Finding magic in monochrome
First-time filmmaker D. Smith’s unflinching lens contrasts the strength and struggles of America’s Black trans sex workers.
One of the most striking things about Kokomo City – a documentary that’s hardly shrinking in its tone or visuals – is its opening credits. Here, we find out that D. Smith not only directed it, but produced, edited and shot it. A debut filmmaker, Smith was a Grammy-nominated music producer in a former life – until coming out as trans, back in 2014, changed everything.
“Transitioning was the start of me losing everything,” she says with characteristic frankness. “The whole time I shot this film (over three years), I was sleeping on people’s couches, in cars, on park benches. My hardest challenge in making Kokomo City was, how do I maintain my dignity?”
Despite an atypical start, Smith’s efforts have been finely rewarded: Kokomo City scored Sundance Film Festival’s NEXT Innovator Award and NEXT Audience Award, followed by the Berlinale’s Audience Award in the Panorama Documentary section.
Its appeal reflects her mission to create a film that audiences outside of the LGBTQ+ community could be drawn to. Four Black trans women – Daniella Carter, Dominique Silver, Liyah Mitchell and the late Koko Da Doll – share their stories as they explore the dichotomy between the Black community and themselves. “A conversation that’s been avoided for many, many years has now taken centre stage,” Smith adds.
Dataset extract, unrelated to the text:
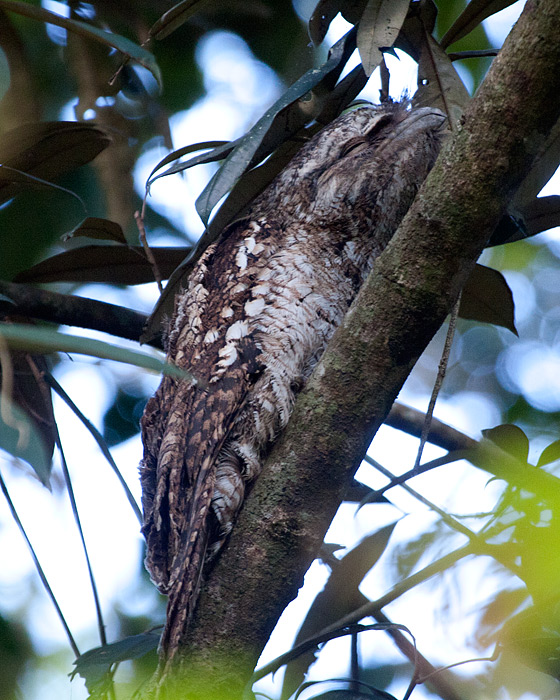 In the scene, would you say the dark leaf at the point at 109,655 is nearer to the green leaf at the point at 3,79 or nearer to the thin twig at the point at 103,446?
the thin twig at the point at 103,446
Before beginning the project, Smith – who had no previous filmmaking experience – approached five different directors to see if they’d be interested in taking part: all said no. Undeterred, she bought herself a Sony A6600 and a vintage Meike lens and set out to realise her vision herself, with no gaffer or any other assistance.
Although Kokomo City was her first time behind the lens, Smith describes herself as “always antsy about things visually. I’ve always had a fascination, or connection, with visuals. I wanted to do something visually different with this film; one of my favourite artists is Salvador Dalí. I also thought, what if I could combine Quentin Tarantino and Spike Lee? I love those two directors, so what if I could bind those two forces and what would that look like with no budget?”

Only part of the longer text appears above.